‘It's a piece of history and it belongs to this family': A Bakersfield Army veteran's quest to return a piece of World War II history back home
The card was found by a fellow veteran, and bus driver, Jeremy Bagby.
'This person joined a Navy a month after they bombed Pearl Harbor. I want to try to get it back to their family,' Bagby said.

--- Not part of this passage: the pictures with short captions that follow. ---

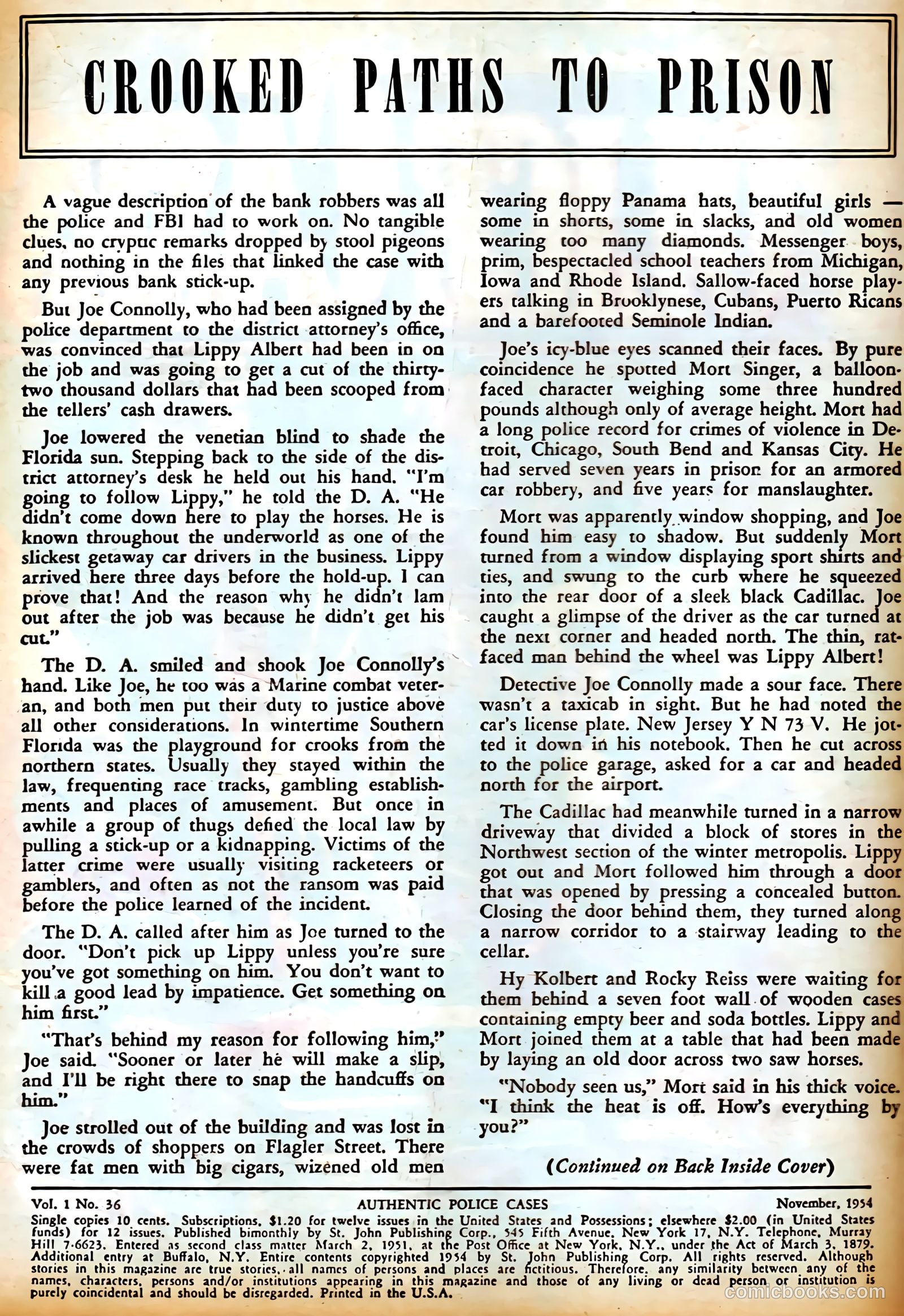 Authentic Police Cases #36 — page 2 of 36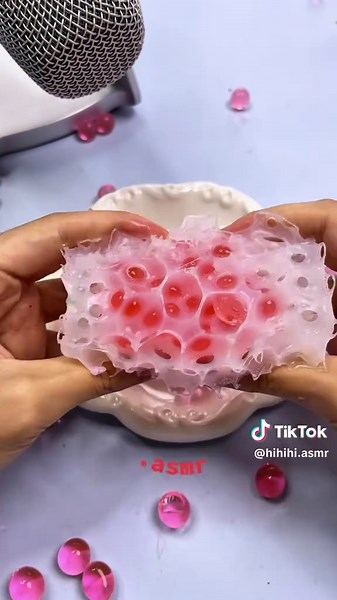 ASMR Red Decompression Pinch for Deep Relaxation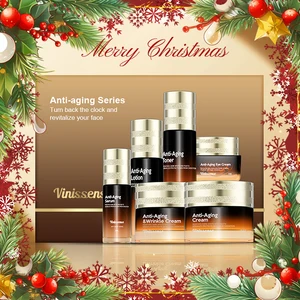Vinissense Collagen Face Cream Lotion Adult Moisturizer Effectively Removes Wrinkles  Customized Christmas Skincare Gift Set
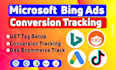 setup microsoft bing ads conversion tracking uet tag, outbrain conversion track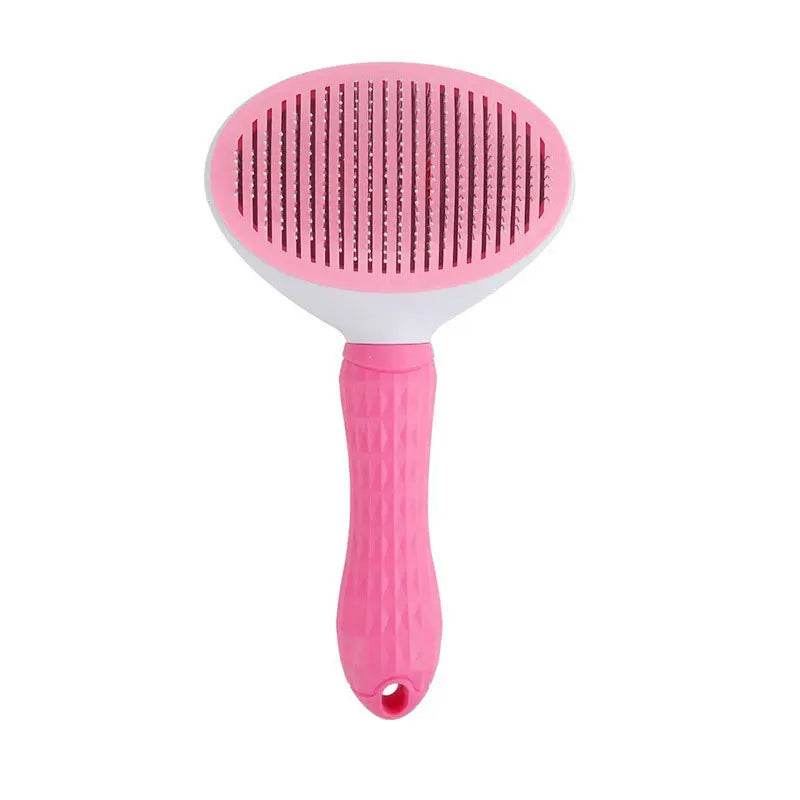 Brosse à poils d'animaux, peigne pour chat/chien, soins de toilettage, aiguille de nettoyage, peigne en acier inoxydable, cheveux longs, accessoires pour animaux de compagnie, chiens et chats - Animaleriex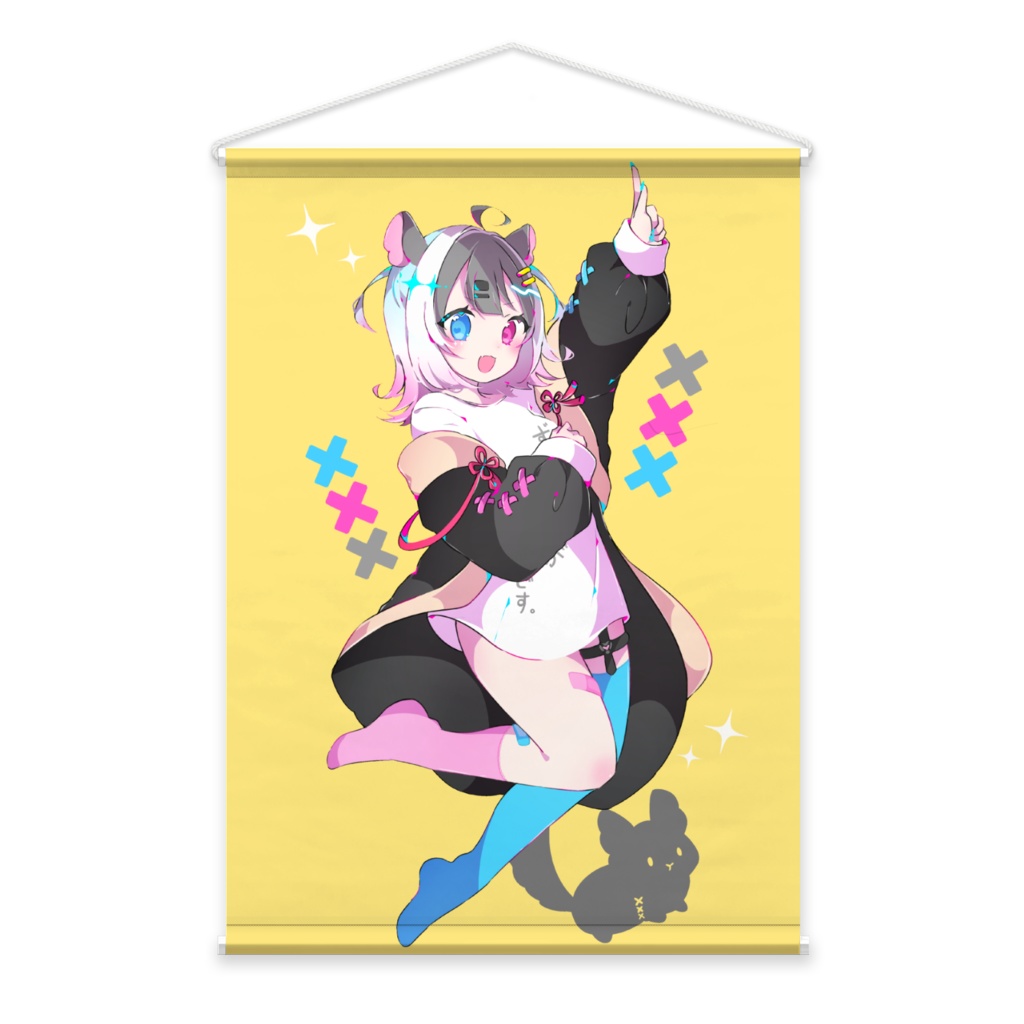 冬咲かたんタペストリー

We met Bagby a few months earlier when he was given a car at a Bakersfield Condors hockey game. The former Army sergeant had been biking through the streets of Bakersfield. That Toyota Highlander was a well-deserved gift for a veteran who fell on hard times after his service.
'I could've made a lot of better decisions in life, I guess,' said Bagby. 'This is going to change everything.'
Then, he mentioned he found the card tossed on a bench by a man digging through the trash. That card belonged to a World War II veteran.
'My niece called and said 'look at the news.' And it just shocked me that we saw that name,' said Sandy Haralson Tiner, Vinson Paul Haralson's last surviving relative. She's the only one still alive who actually knew the man.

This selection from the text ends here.